REQUIREMENT> Output word for word the lines from the one with "agriculteur africain utilisant" to the final line of the data, both ends included, but skip the pictures.

Crawled caption data:
####################

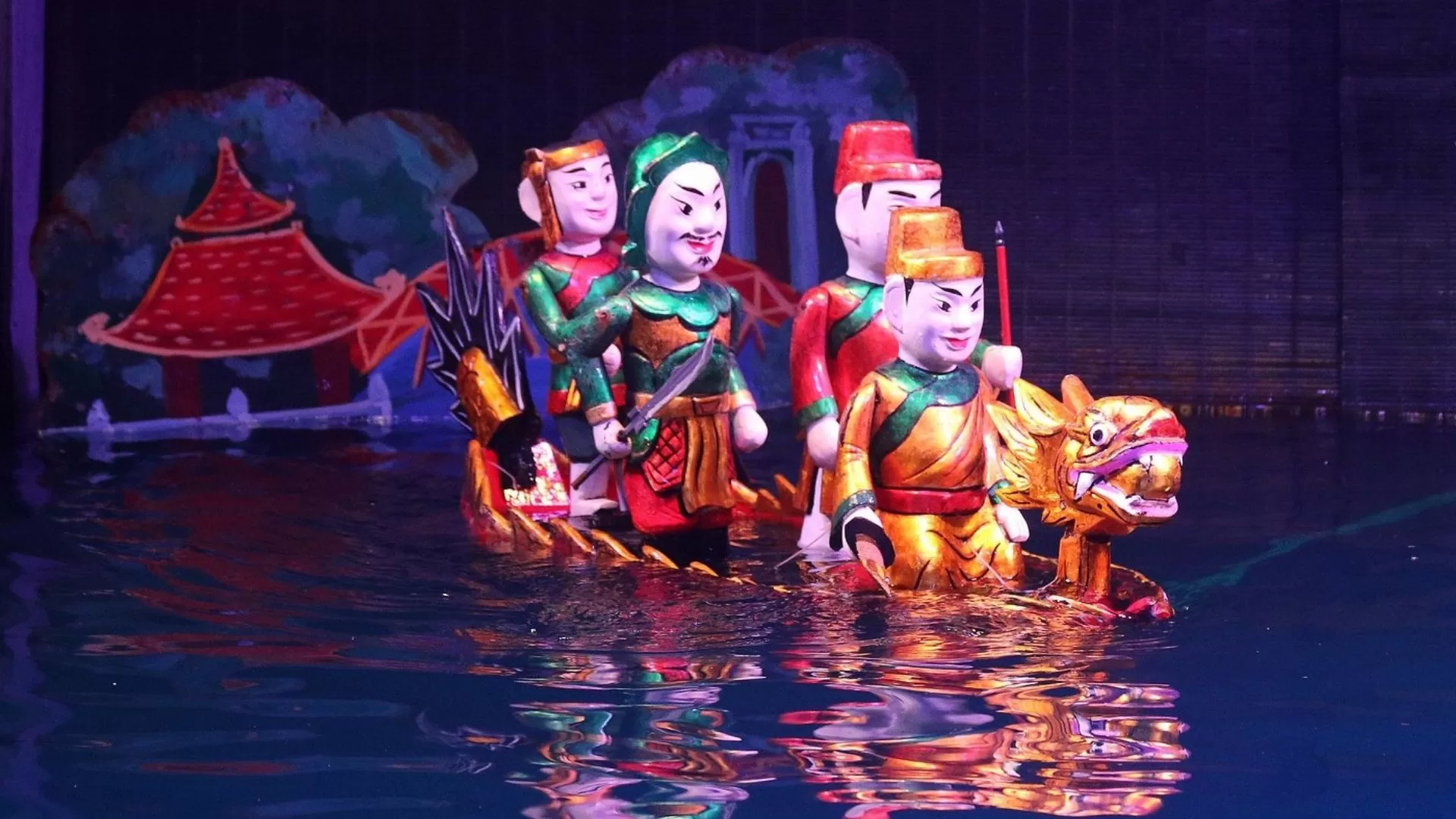 Water puppets performing a dragon boat scene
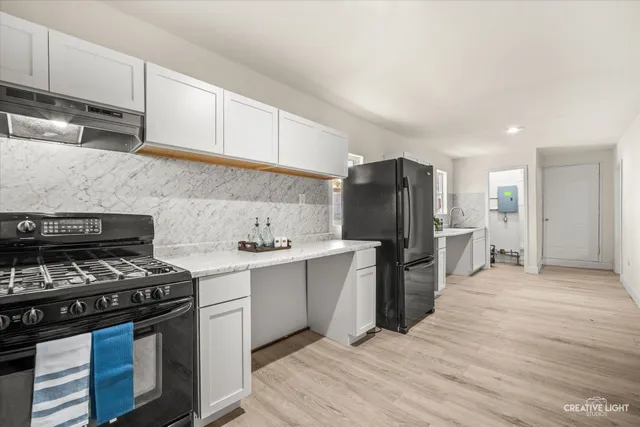 a kitchen with a stove a refrigerator and cabinets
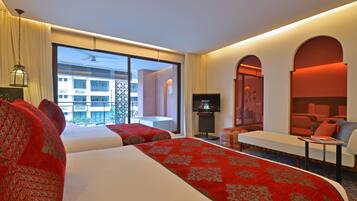 Habitación de hotel con dos camas, televisión, sofá y una ventana grande con vistas a edificios.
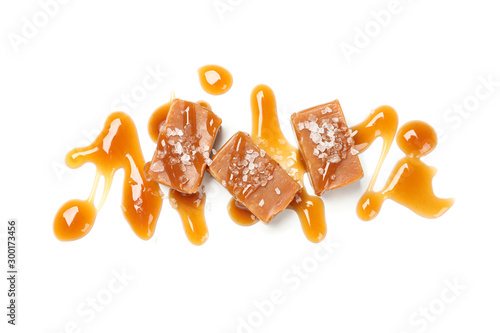 Obraz na plátně Salted caramel candies with sauce isolated on white background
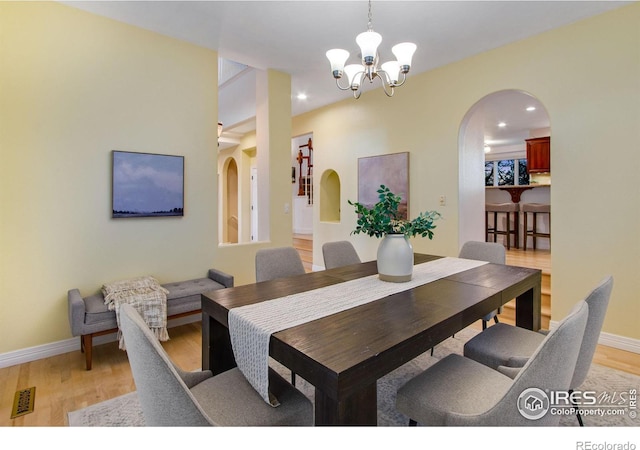 378 High Pointe Dr, Fort Collins, CO 80525 - dining room with arched walkways, a chandelier, light wood finished floors, baseboards, and recessed lighting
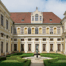 Außenansicht der Münchner Residenz: Barocke Fassade mit Säulenportikus und kupfergrünem Dachgiebel, davor gepflasterter Platz und historischer Laternenpfosten.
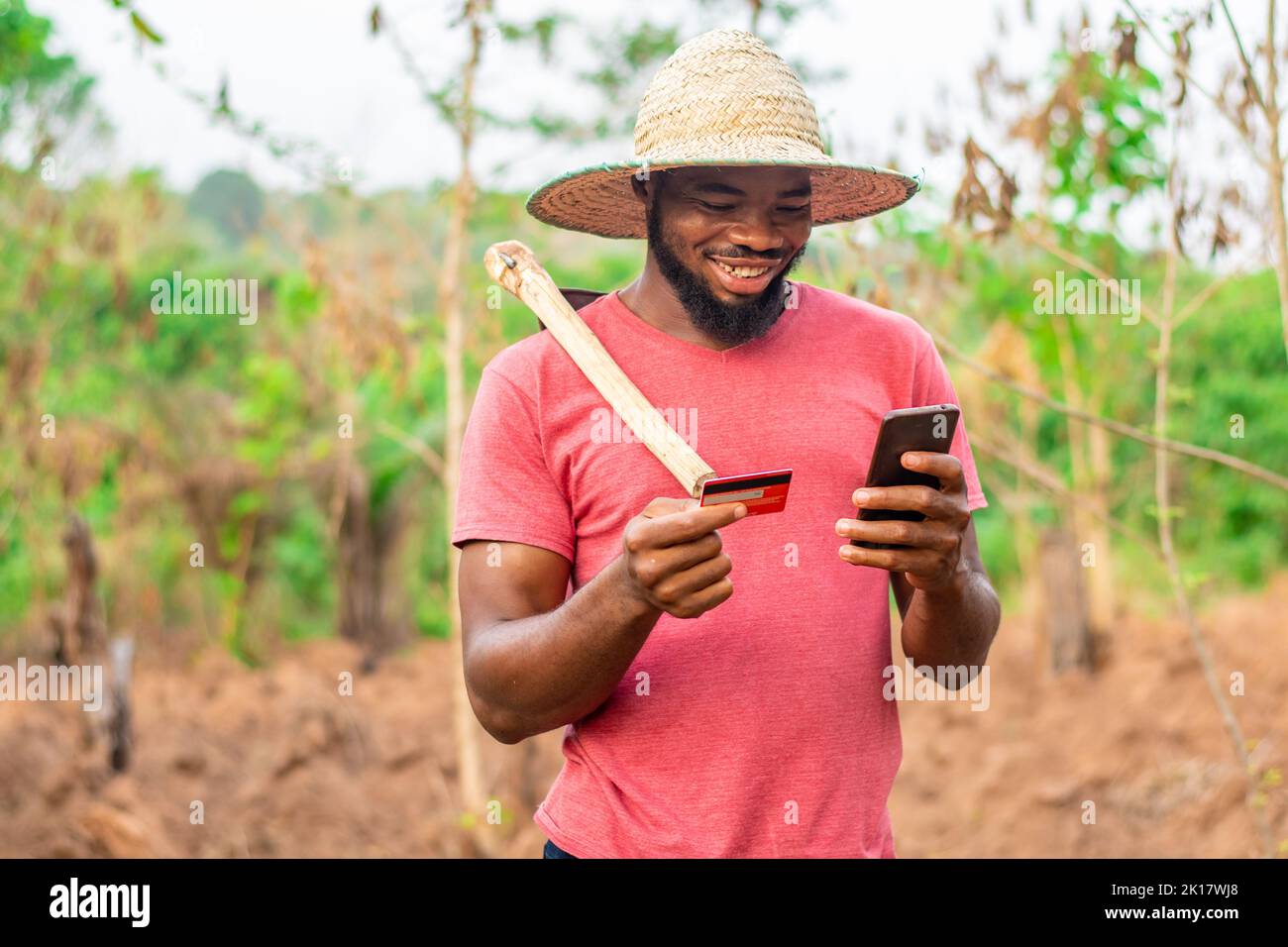 agriculteur africain utilisant son téléphone et sa carte de crédit Banque D'Images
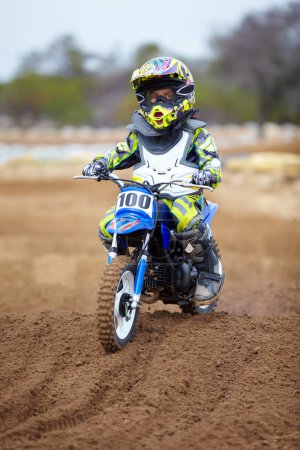 Photo for Youve gotta start young. A little boy riding a dirt bike on a track - Royalty Free Image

####################

WORKED SOLUTION>
 agriculteur africain utilisant son téléphone et sa carte de crédit Banque D'Images
 Photo for Youve gotta start young. A little boy riding a dirt bike on a track - Royalty Free Image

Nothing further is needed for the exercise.